Markets had judged Haldane’s stance as more hawkish than policy committee consensus, and some worry that the BoE could now drag its heels when reacting to future inflation risks.

Both Deutsche and Berenberg are advising clients that forex markets will have to look again and re-assess the BoE’s policy committee tilt after the new chief economist takes his or her place.

For now, analysts believe decision-making at the Bank of England on monetary policy will stay the current course. Threadneedle Street is expected to complete the asset purchases it committed to by December, which is consistent with the BoE’s latest guidance.

Next year the bank will likely detail an exit strategy from its current ultra-easy policy stance and look to raise the bank rate in 2023. If there are upside surprises in terms of UK inflation and economic performance, a hike could come sooner, perhaps at the end of 2022.

ING forex strategists told Bloomberg on Wednesday that they see any negative impact on the pound from Haldane's departure as being short-lived.

‘As no imminent BoE interest-rate tightening was on the table, despite being the bank’s big inflation hawk, his leaving shouldn't affect sterling’s prospects in the coming months.

Euro back in demand

Another factor in sterling’s tumble is broader demand for the euro, which is a dominant theme affecting forex markets globally. It's partially behind the lower pound-to-euro (GBP/EUR) exchange rate seen this week.

Declines in GBP/EUR lie in sharp contrast to the relative stability seen in the pound-to-dollar rate (GBP/USD).

The euro-to-dollar rate (EUR/USD) has also been on the up and rose back above the 1.18 level at mid-week, adding more proof of the single currency's short-term attractiveness to investors.

The single currency looks to have found favour with international investors as the Eurozone’s vaccination rollout finally kicks into gear.
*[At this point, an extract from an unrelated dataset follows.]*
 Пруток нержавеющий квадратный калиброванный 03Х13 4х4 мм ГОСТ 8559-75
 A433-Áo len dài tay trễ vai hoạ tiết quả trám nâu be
Improving prospects for continent-wide inoculation could mean that European economies won't be far behind the US and UK when the expected bounce-back from pandemic commercial restrictions finally occurs.
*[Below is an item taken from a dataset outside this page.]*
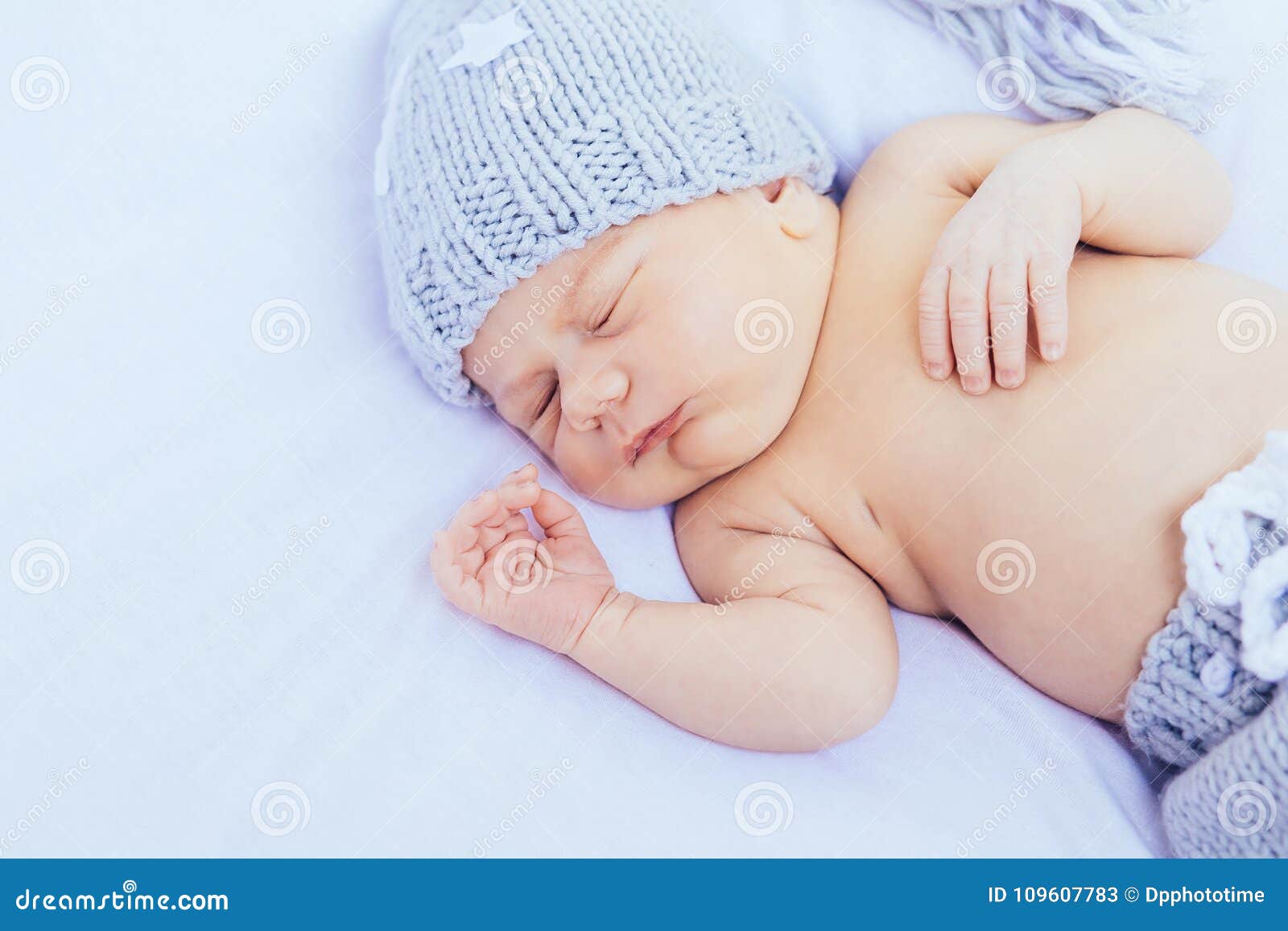 ÃÂ¢ewborn baby sleeping wearing grey hat and panties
After a dire beginning marked by extended delays and an apparent inability to procure enough vaccine, key Eurozone countries like Germany, Italy, and France all reported rising vaccination rates this week.

France said it had finally sped up its widely-criticised coronavirus vaccination programme on Monday, narrowing the gap between injections of the vaccines from Moderna and Pfizer to get to a level of basic protection for the population quickly. France also simplified the qualification criteria, making the AstraZeneca/Oxford vaccine available to anyone over 55.

France confirmed injection of more than half a million doses last Friday alone. In Germany, the number of people getting their first jab leapt by more than 25 per cent within a week to reach 12.6 million.

Economists at Société Générale told the Financial Times that in the absence of any new backlash against vaccination and no further difficulties procuring vaccine, inoculation of all high-risk people by the end of April was achievable, as well as 70 per cent of all European adults.

A rebounding euro could signal a return to form after a first-quarter marked by underperformance, suggesting enthusiasm could fade after markets absorb the news.

And all’s not gloomy for the pound. Analyst at Citi say Sterling is well placed to come back and continue the outperformance seen earlier in 2021, especially against the euro.

‘Westminster’s economic reopening plans remain on track, while Europe’s plans are still in question.’